今までスマホから投稿していたので、段落始めに空白を打てませんでしたが、それを直しました。内容は変はっていません。

「そうやって飲むの?」


 まさか手からとは。


「体中どこからでも出来る。飲むというより、吸収だな。」


「ねっ、ねえ、もしかしてだけど、あれだけあっても水は足りないの?」


 少なくない量の水がなくなった。いつでも川とか水辺が近くにあるとは限らないし。


「これは一度吸収した水だ、また吸収しても足しにはならん。半日で、、、水なら半日で、大人が一日で飲む量の10倍以上。血なら、そうだなウサギ2,3羽だな。」


 なるほど。それぐらいならなんとかなるかな。それに、血の方が燃費がいいなら、いざとなればこっそり混ぜちゃおう。


「言っておくが、私は血ではなく、水が飲めると聞いてお前についていくのだからな。」


 む、なかなか鋭いわね。


「心配しないでいいよ。この近くに小川があるから、そこに行けば好きなだけ飲めるよ。」


 今はね。


「ならば早く行こう。水が私を呼んでいる。ああ、これ服と武器だ。さあ準備は整った、いざ行かん。」


 まったく、慌てん坊なんだから。


「その前にいくつか確認しない?お互いの能力とか、何が出来るのかとか。」


 自分の力を把握しないと、出来ることも出来ない。


「ならん。先ずは水だ。水を飲まないとおちおち考え事もできん。」


「はいはい。じゃあ付いてきて、こっちだよ。」


 もー、仕方のない子。


 泉に来る時に見つけた小川に案内する。ユニエは私の周りを、漂うようにフヨフヨ浮かんでついてくる。森の中だから、木が生い茂っているのに、枝葉を器用に避けている。
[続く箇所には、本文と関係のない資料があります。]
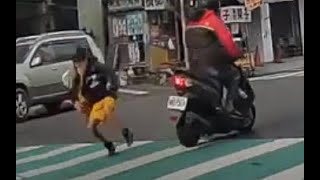 【車禍影片】 被撞完後，小弟弟走路一拐一拐的（2023.03.03 彰化縣彰化市三民路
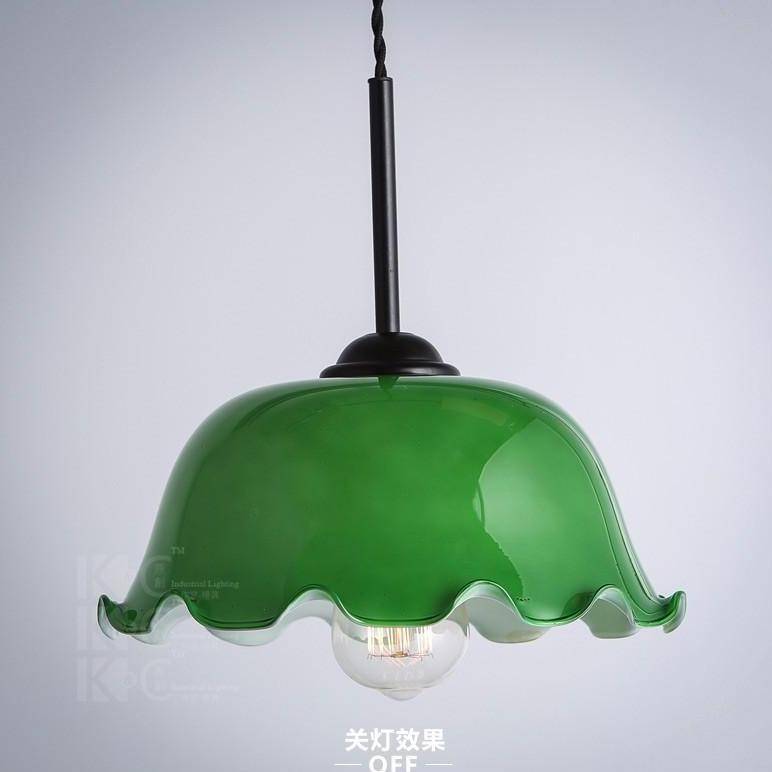 Suspension retro LED avec abat-jour aux bords courbés - vue 8 sur 9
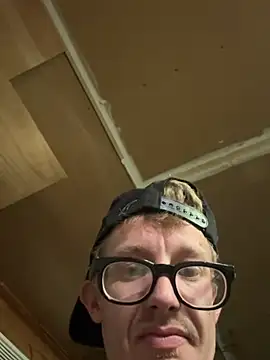 Daddybigdick123123 online show from May 2026 08:31:02 AM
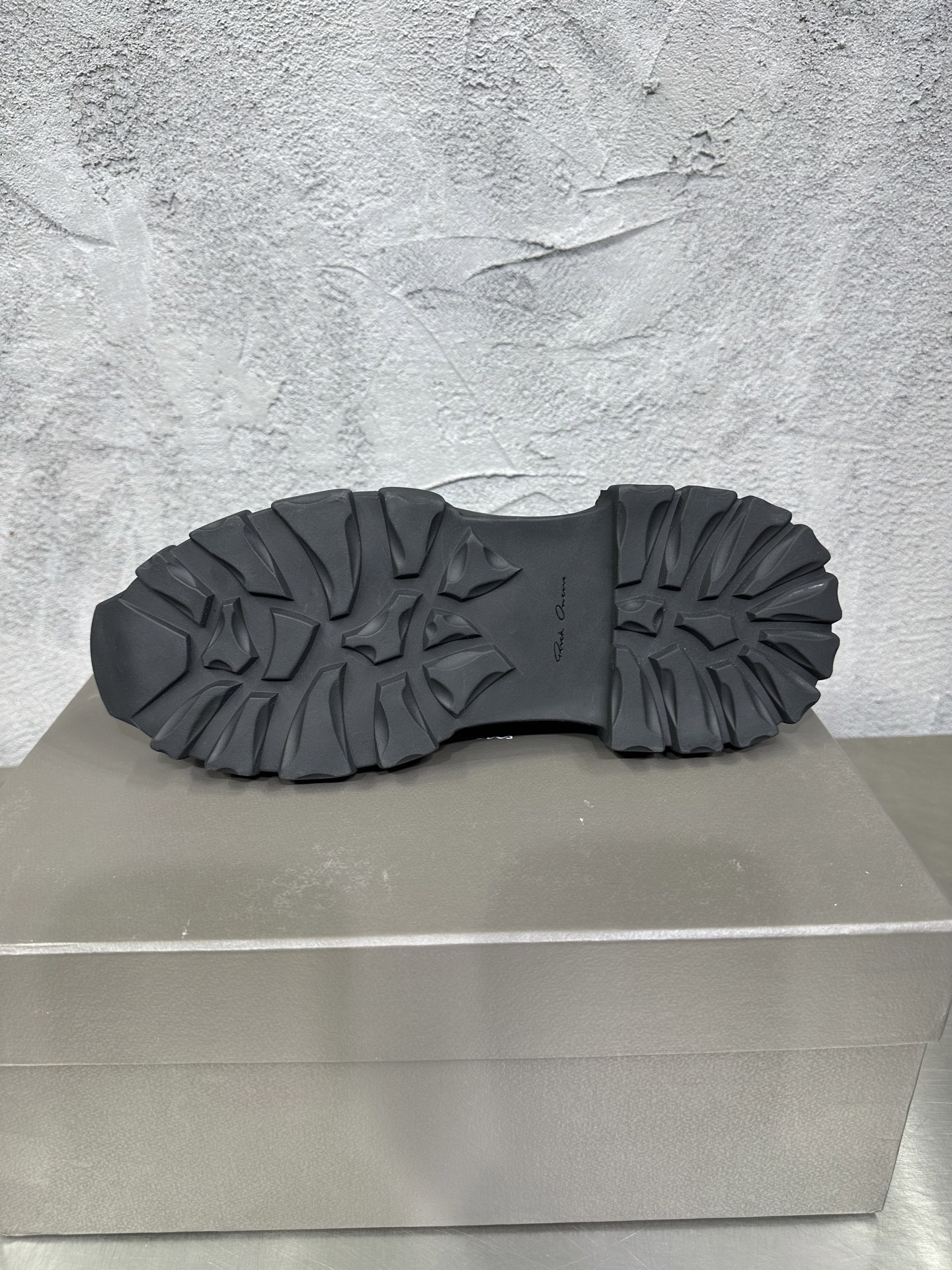 Basic Shoes Black 46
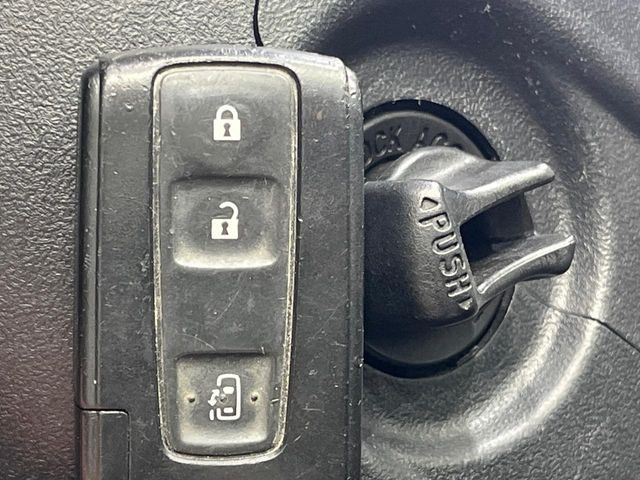 �y�L�[�t���[�V�X�e���z�J�o����|�P�b�g�ɓ��ꂽ�܂܂ł��h�A�̎{���E�������\�ȃX�}�[�g�L�[�𑕔��B�G���W���̃I���E�I�t�����J�M�����o���K�v����������Ƃ��Ă��֗��ł���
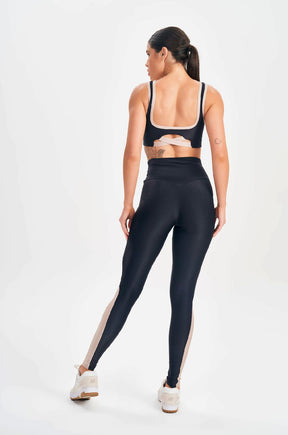 Top Happiness Preto Lets Gym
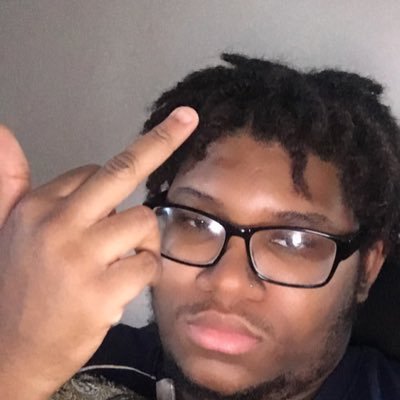 hunchohunchofoe's profile picture. I’m 19 from Chicago but i stay in stl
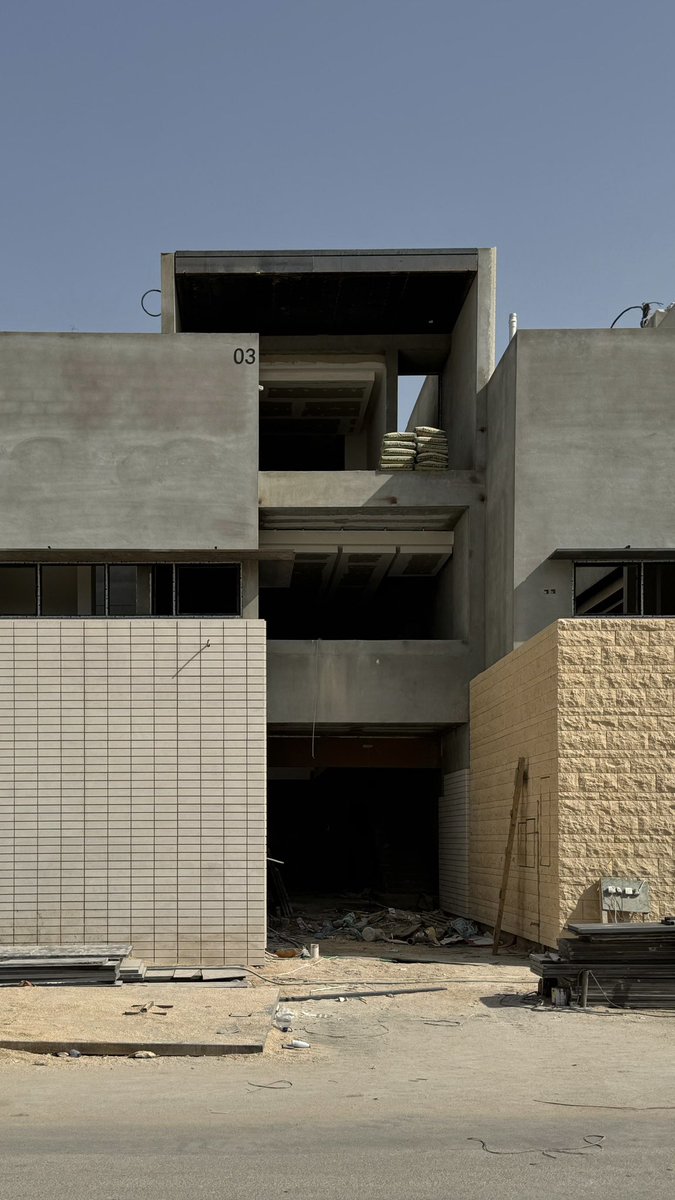 DEPTH OF FIELD tweet media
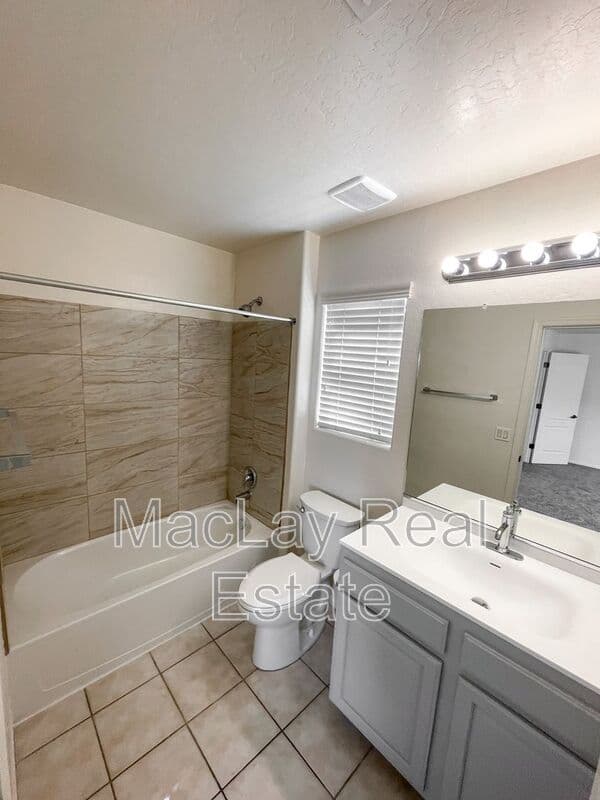 Mesa House: 10252 E Isleta ave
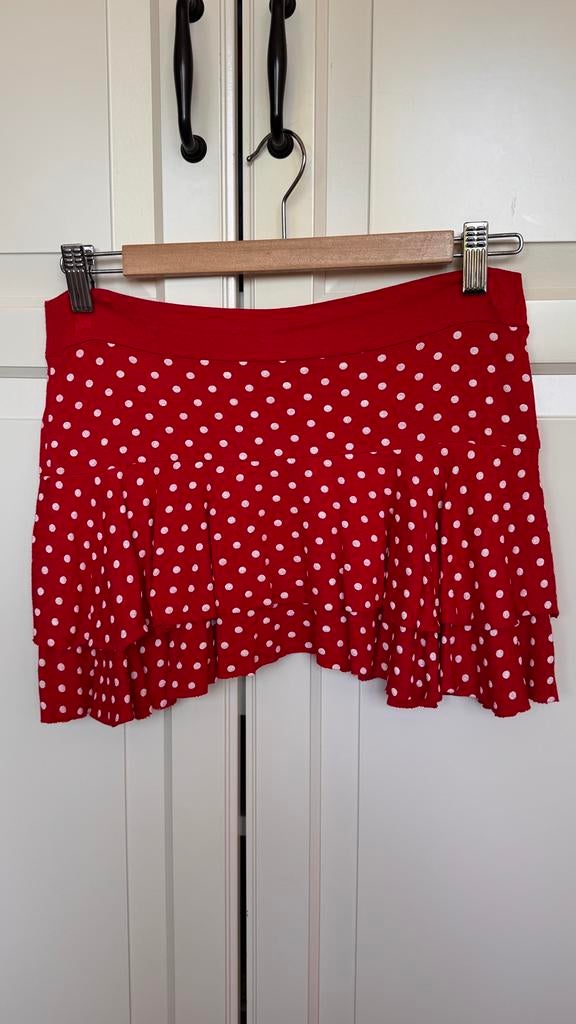 Rode korte rok met stippen, Kleding | Dames, Rokken, Ophalen of Verzenden, Maat 36 (S), Gedragen, Boven de knie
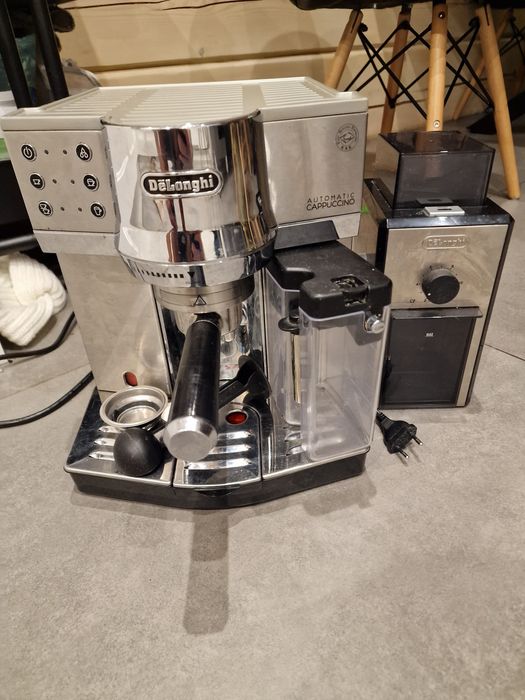 Ekspres kolbowy De'Longhi EC 850.M młynek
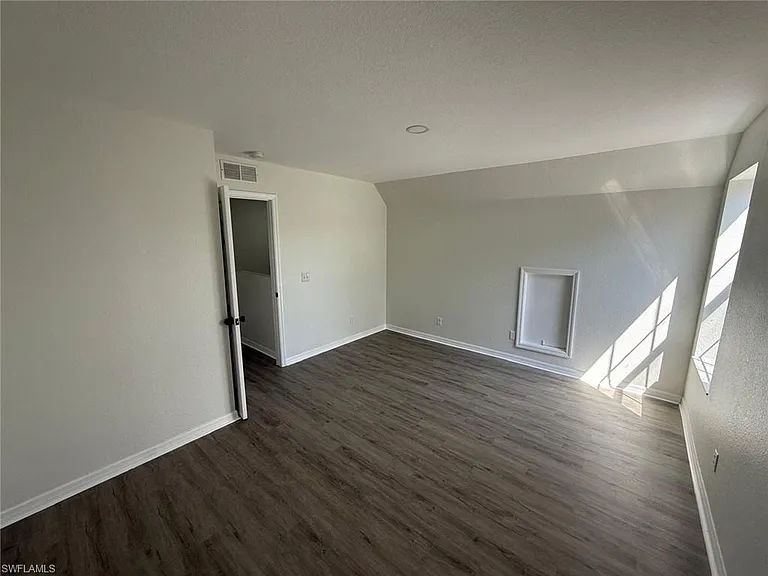 5248 Confederate Dr — Photo 17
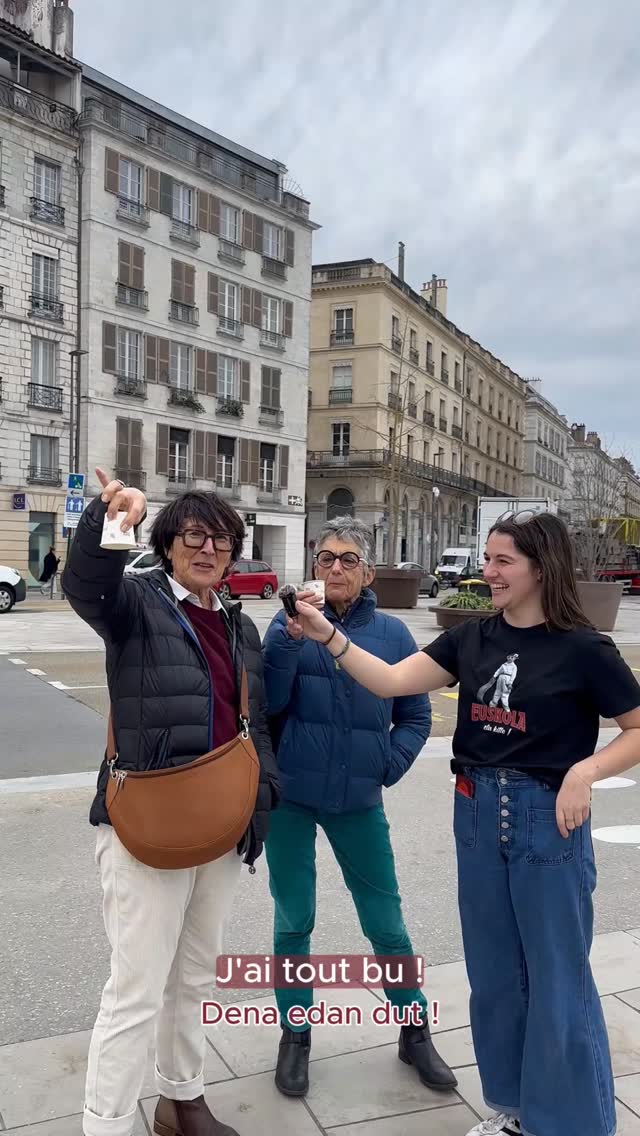 Micro-Trottoir Eusko Tea 🍑
On a fait goûter notre nouveauté Eusko Tea dans les rues de Bayonne 🎤
Le verdict ? 100% validé 😍
À vous maintenant d’aller le tester 🥤
~
Gure Eusko Tea berritasuna jastaarazi dugu Baionako karriketan 🎤
Emaitza ? %100ez baieztatua 😍
Zuei orain joaitea entseatzera🥤
~
Hicimos probar nuestra novedad Eusko Tea en las calles de Baiona 🎤
¿El veredicto? ¡Aprobado! 😍
Ahora te toca a ti descubrirlo 🥤
#euskola #euskalherria #euskotea #micro-trottoir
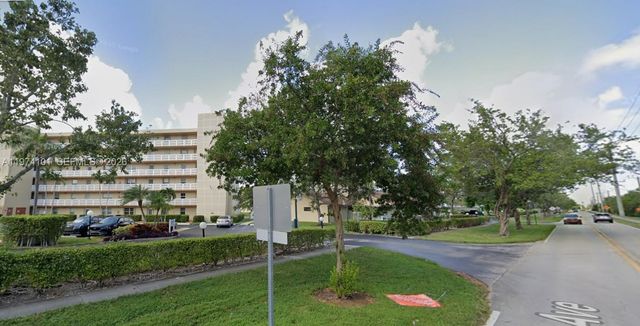 441 SE 3rd St 505, Dania Beach, FL 33004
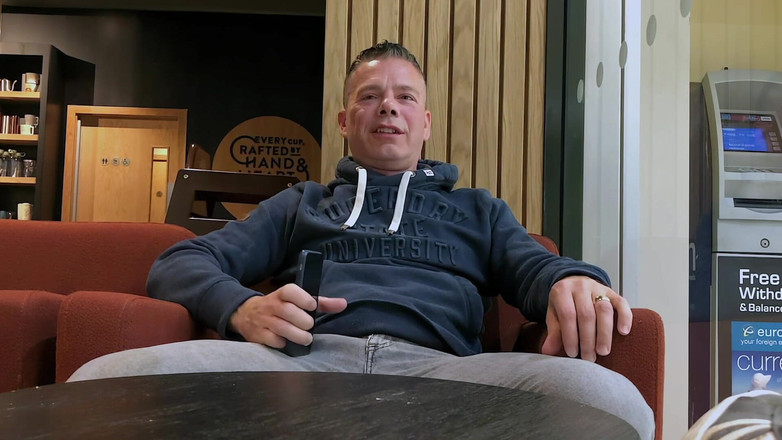 NakedFoxx: Ho osato masturbarsi in una caffetteria trafficata - una sborrata pubblica...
 時々聞こえる鳥の囀り、木のざわめきが心地よく、木漏れ日がさし、程よい気温で過ごしやすい。今までは森に入る時は、一人で狩りに行くだけだったから楽しむ余裕もなかったけど、大切な人と時間を共有出来るだけで、こんなにもちがうんだ。


 川に着いた。その途端


「水だー!!」


 無邪気に歓声を上げて、ユニエが川へ飛び出した。そして川の中ではしゃぎまわっている。普段は面倒見が良くて、大人っぽい所があるけど、こういう所はまるっきり子供ね。

 ユニエを眺めていたら、急に顔を引き締めて一言。


「、、、なんだ。」


「別に〜。可愛いなって思っていただけだから。」


 はしゃいでる所を見られて、恥ずかしかったのね。


「水が美味かっただけだ。」


「ふふ、わかってるよ。」


 必死にごまかしてる感じが、とても微笑ましい。

 ニコニコしながら見ていたら、ユニエが何か思いついたような顔で聞いてきた。


「リーシャ、今年で幾つになる。」


「?10歳だけど。」


 いきなり何かな?


「リーシャ、よく聞け。私の方が年上だ。お前よりお姉さんなんだぞ。」


 すごいどや顔。本当にそうなの?怪しいわね。と言うか、そんなことで勝ち誇ってるようじゃ、まだまだ子供じゃないの。


「クスッ、そういう事にしといてあげる。」


 大人の余裕で答える。本当に可愛いなあ。

 にこやかに微笑みかける。そしたらユニエは、川に顔を突っ込んで静かになった。

 あらら、拗ねちゃったみたい。子供っぽい人。

 しばらくじっとしていたら、


「よし満足だ。」


「もういいの?まだそんなに飲んでないんじゃない。」


 大人の10倍って聞いてたけど?


「いいんだ。もう、いいんだ。」


 なんだかやけにほろ苦い表情で、しみじみと言うね。


「ふーん。私も喉が渇いてきたし、飲もうかな。」


「待て!早まるな!」


 はい?


「これを飲め。」


 ユニエが水球を差し出してきた。


「なんで?」


「悪い事は言わない。こっちを飲んだ方がいいぞ。」


「ん?わかったよ。」


 彼女は水の精霊。私にわからない事がわかるんだろうな。


「あっ、雨だ。」


 水を飲み終わった途端、ポツリと来た。幸いにも、川の上まで木々が覆っているから、傘がわりになってあまり濡れないけど。

 その時、ユニエが叫んだ。


「雨だ、、、雨を降らせればいいんだ!」


 えっ?えっ?


「リーシャ、私は決めたぞ。天気を、私は天気を操れるようになってみせる!」


「えっ、そう。頑張ってね。」


 なんなの急に?


「お前に夢はあるか!!」


 本当になんなだろう。

 夢?


「今は、、、ユニエと一緒に居られれば、それでいいかな。」


 それで充分幸せで、楽しい。


「もっと大きな夢はないのか!」


 ユニエを守れるくらい強くなるとか?いや、彼女が求めている答えは、もっと明確で大きな夢の事だよね。例えば、、、例えばなんだろう。今まで集落では一人ぼっちだったし、生きるのに精一杯だったから、考えたこともなかったな。夢、なんだろう。


「、、、ないよ。そんなのないよ。」


 わからない。私は何を目標に生きていけばいいんだろう。ユニエ以外に、私には何もないのかな。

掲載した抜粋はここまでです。